What to work on:
All lines in the material containing the word "because" need to be copied.

Record extracts:
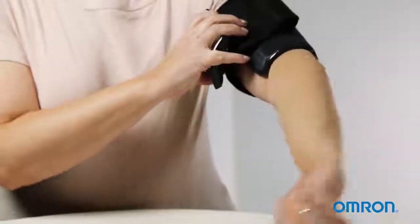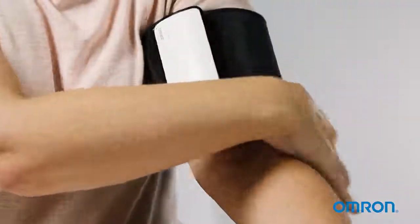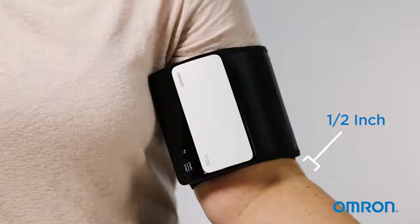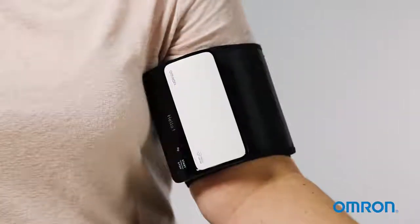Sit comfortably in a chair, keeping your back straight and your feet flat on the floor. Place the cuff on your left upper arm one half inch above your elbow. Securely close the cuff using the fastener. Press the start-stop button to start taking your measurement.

---

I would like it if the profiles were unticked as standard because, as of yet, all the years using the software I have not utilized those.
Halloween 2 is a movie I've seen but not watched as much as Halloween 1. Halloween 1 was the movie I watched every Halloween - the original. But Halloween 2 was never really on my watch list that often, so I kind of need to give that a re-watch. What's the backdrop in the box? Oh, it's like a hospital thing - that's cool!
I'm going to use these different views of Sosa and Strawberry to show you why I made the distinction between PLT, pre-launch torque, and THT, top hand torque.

...

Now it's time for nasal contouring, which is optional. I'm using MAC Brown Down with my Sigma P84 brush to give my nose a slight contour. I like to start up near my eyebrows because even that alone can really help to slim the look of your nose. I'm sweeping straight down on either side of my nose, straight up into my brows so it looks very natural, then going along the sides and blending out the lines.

Answer section:
I would like it if the profiles were unticked as standard because, as of yet, all the years using the software I have not utilized those.
Now it's time for nasal contouring, which is optional. I'm using MAC Brown Down with my Sigma P84 brush to give my nose a slight contour. I like to start up near my eyebrows because even that alone can really help to slim the look of your nose. I'm sweeping straight down on either side of my nose, straight up into my brows so it looks very natural, then going along the sides and blending out the lines.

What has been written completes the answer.